First-time homebuyers are finding it harder and harder to get into their dream home.
The National Association of Realtors said that first-time homebuyers make up only 28 percent of the national housing market in a Jan. 28 new story, the lowest number since the organization started measuring the demographic in 2008. According to the NAR, first-time homebuyers typically make up about 40 percent of the market, but several factors are keeping them from purchasing a home, including higher competition for lower priced properties, which are being swept up by investors at increasingly high rates.
Cash purchases accounted for 42.1 percent of all U.S. home sales in December, up from 38.1 percent in November, and up from 18 percent a year prior, according to RealtyTrac.
Tight credit is also preventing younger home buyers from qualifying for a mortgage to buy a home, as mortgage lenders require higher down payments. FHA loans, which many first-time home buyers turn to for the low downpayment requirements, have seen their market share decrease recently after an increase in premiums and fees this year made them less attractive to some.
However, Fannie Mae and Freddie Mac are lending more to first-time buyers, according to a report from Inside Mortgage Finance. The share of financing for first-time home buyers by the mortgage giants reached 19.5 percent in December, up from 14.1 percent a year prior.
Dallas agents have noticed this trend, too. Keller Williams Urban agent Britt Lopez says that in 2012 and 2013, first-time homebuyers made a huge impact on the market, coming off the fence to buy properties in the $300K to $400K range. In those two years, first-timers made up about 60 percent of her client base.
“I believe that the improvement in our basic economy here in Dallas has been the catalyst for the influx of ready, willing, and able buyers into the market,” Lopez added. “I also think that the interest rates and mortgage requirements play a huge part in the buying temperature. Potential buyers pay very close attention to the media regarding mortgage statistics and real estate prices.

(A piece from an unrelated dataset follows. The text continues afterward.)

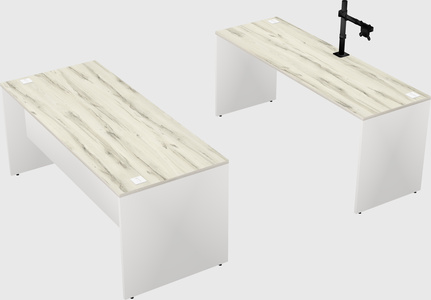 Parallel desk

If a threat of rising rates and prices looks imminent then they will rush to buy now.”
On the other hand, some buyers have been squirrelling away, renting to save up for a down payment, waiting for the perfect time and perfect house to make the perfect investment. While planning is a great asset, sometimes buyers have missed out on deals by waiting too long.
“I believe that there are many buyers who have been ready for a while with their credit and down payment money, waiting for the most opportune time to buy. They watch and wait and pounce as soon as the right property comes available,” Lopez said. “The shortage of property has caused multiple offers to be much more common with many first-time buyers having to try for several homes before they get one.”
Kathy Murray has found that many first-time buyers have saved up for a considerable down payment — a must now that zero-down financing is more rare than a black rhino. Murray says she sees many first-time buyers with at least 20 percent down, but hasn’t closed on a first-time deal yet for 2014.
With new mortgage qualifications and increasing rates, it’s likely we’ll see fewer first-time buyers for the remainder of 2014. What do you think?